··· INFORMATION PROVIDED

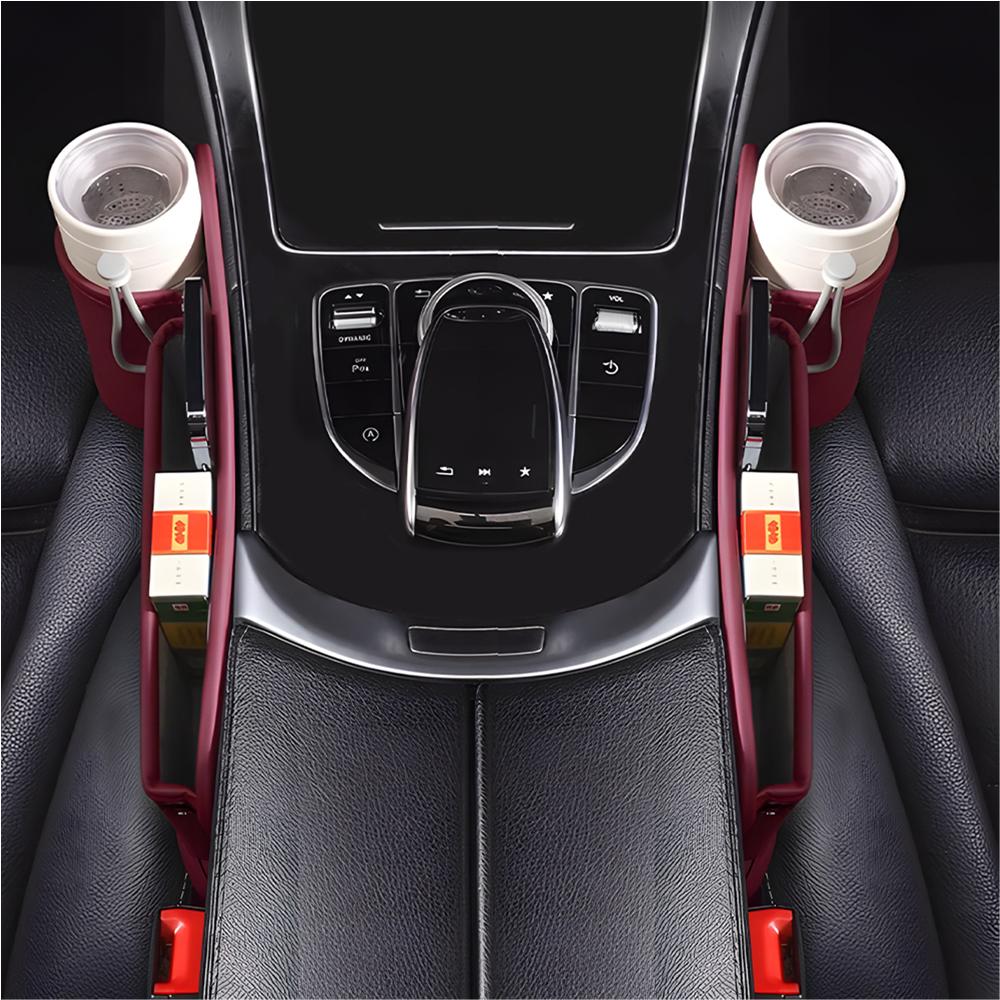 Car Seat Gap Storage Plug Strip Water Cup Storage Box For KIA KN Sportage Ceed Sorento Cerato Optima Picanto Rio Soul K5 Stonic CP6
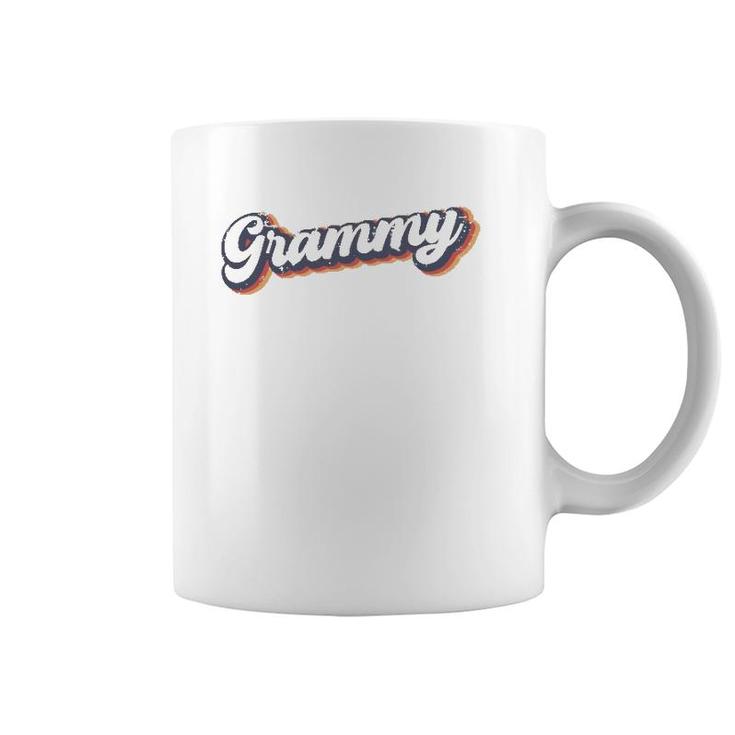 Grammy Vintage Rainbow Grandmommy Family Coffee Mug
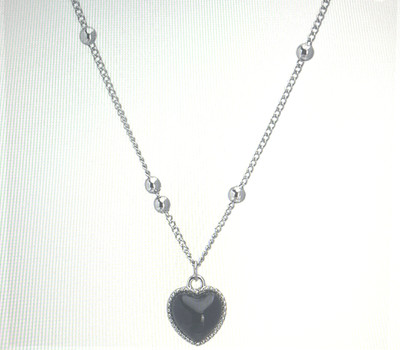 Heart Shape Necklace Temperature Sensitive Color Changing Necklace Jewelry Gifts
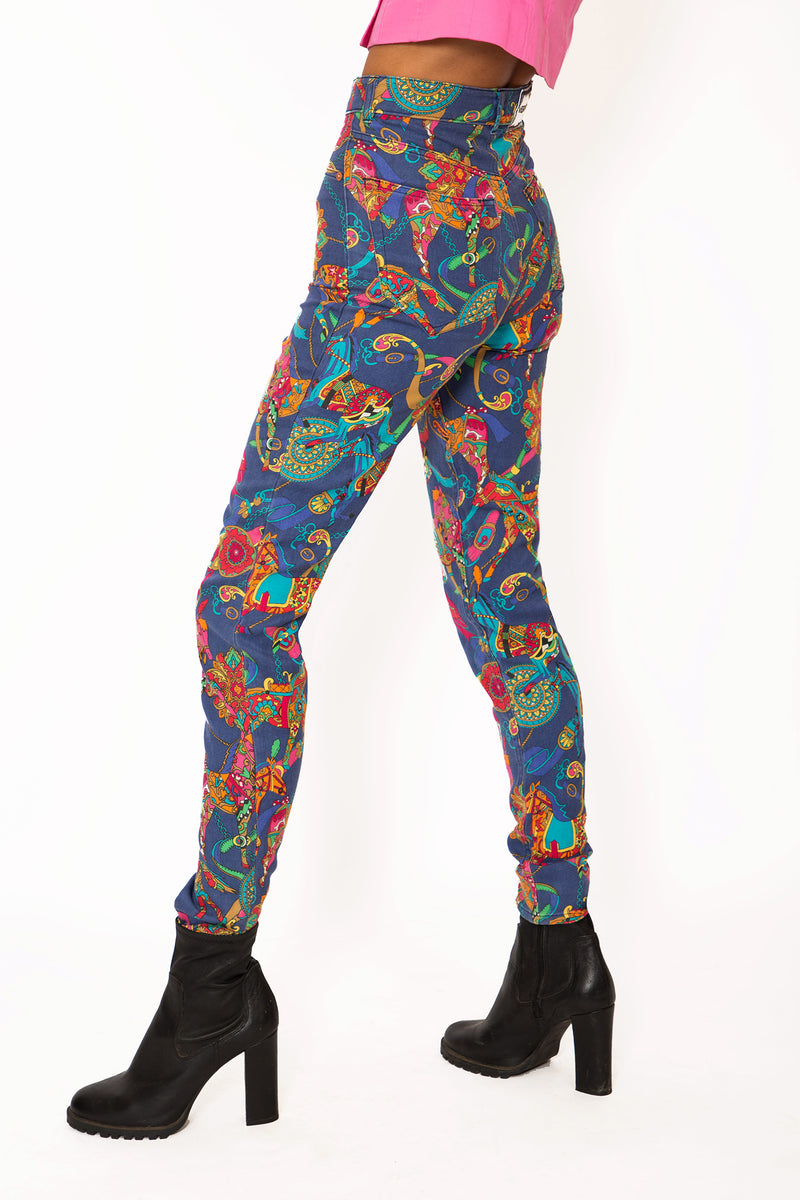 Buy Vintage '90s "Madonna" Printed Silk Pants for woman on Bodements.com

······

TO DO
The copy must match every line of the data exactly and contain no pictures.

WRITTEN RESPONSE
 Car Seat Gap Storage Plug Strip Water Cup Storage Box For KIA KN Sportage Ceed Sorento Cerato Optima Picanto Rio Soul K5 Stonic CP6
 Grammy Vintage Rainbow Grandmommy Family Coffee Mug
 Heart Shape Necklace Temperature Sensitive Color Changing Necklace Jewelry Gifts
 Buy Vintage '90s "Madonna" Printed Silk Pants for woman on Bodements.com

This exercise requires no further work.